START Information supplied

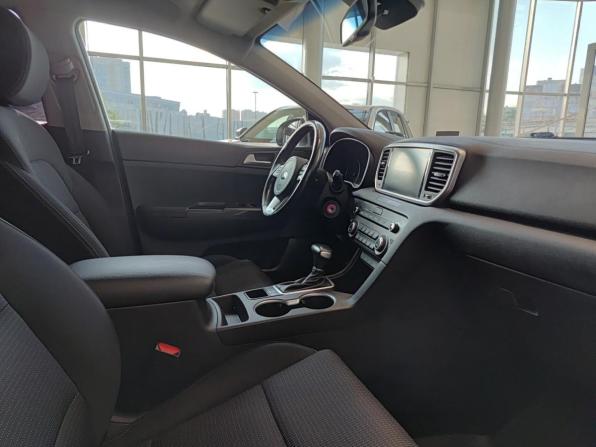 Kia Sportage IV Рестайлинг с пробегом 2021 года, цена 2 543 000 рублей, 80151 км, внедорожник, Автокод Объявления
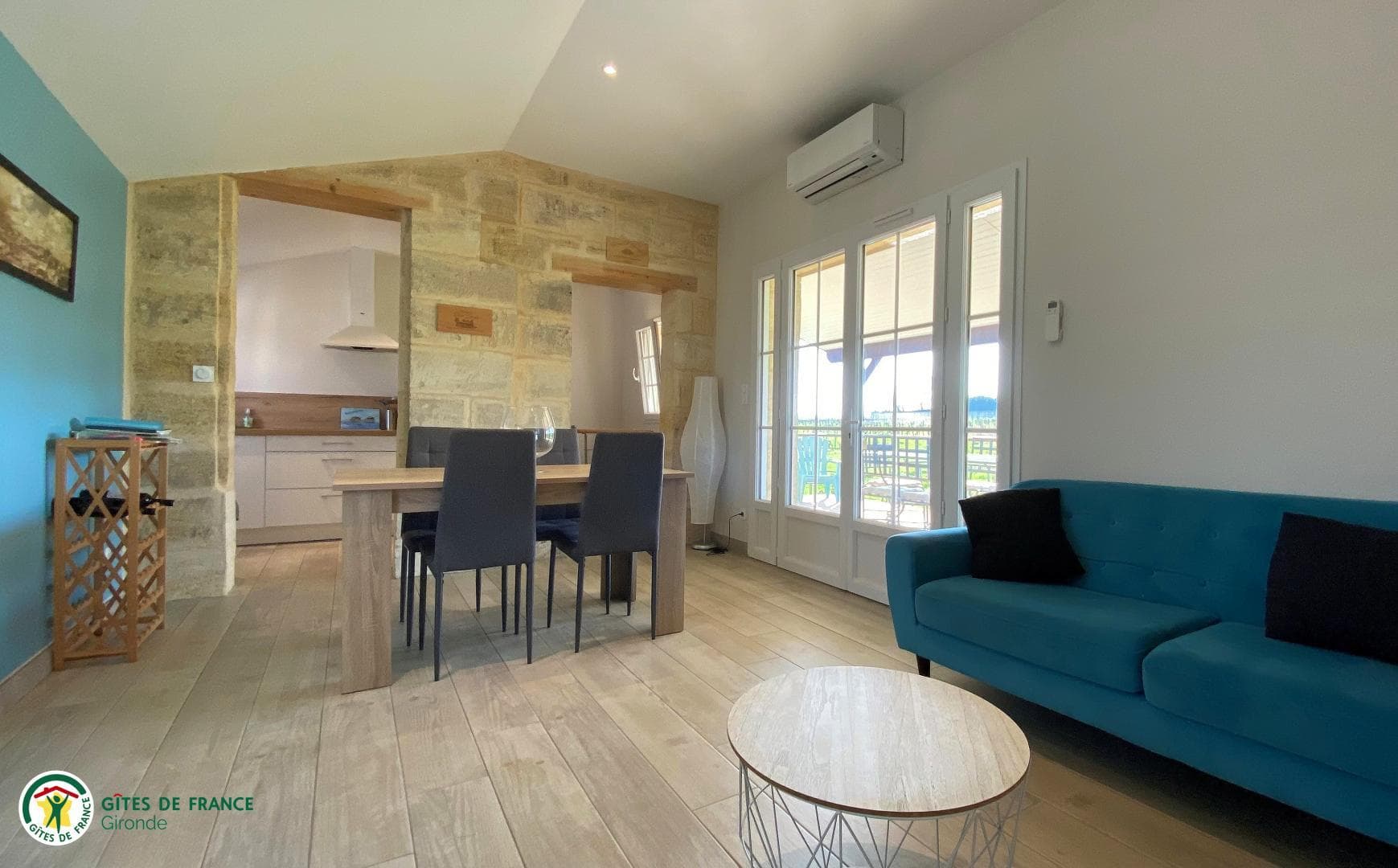 Le Chalet Vigneron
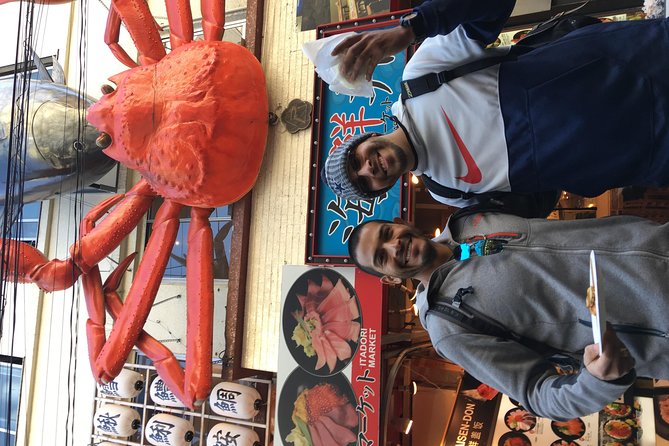 Tokyo Tsukiji Food & Culture 6hr Private Tour with Licensed Guide - Tsukiji Fish Market: morning seafood chaos, explained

END Information supplied

▶ _Activity_
Repeat the listing in full and to the letter, excluding every image.

▶ _Your response_
 Kia Sportage IV Рестайлинг с пробегом 2021 года, цена 2 543 000 рублей, 80151 км, внедорожник, Автокод Объявления
 Le Chalet Vigneron
 Tokyo Tsukiji Food & Culture 6hr Private Tour with Licensed Guide - Tsukiji Fish Market: morning seafood chaos, explained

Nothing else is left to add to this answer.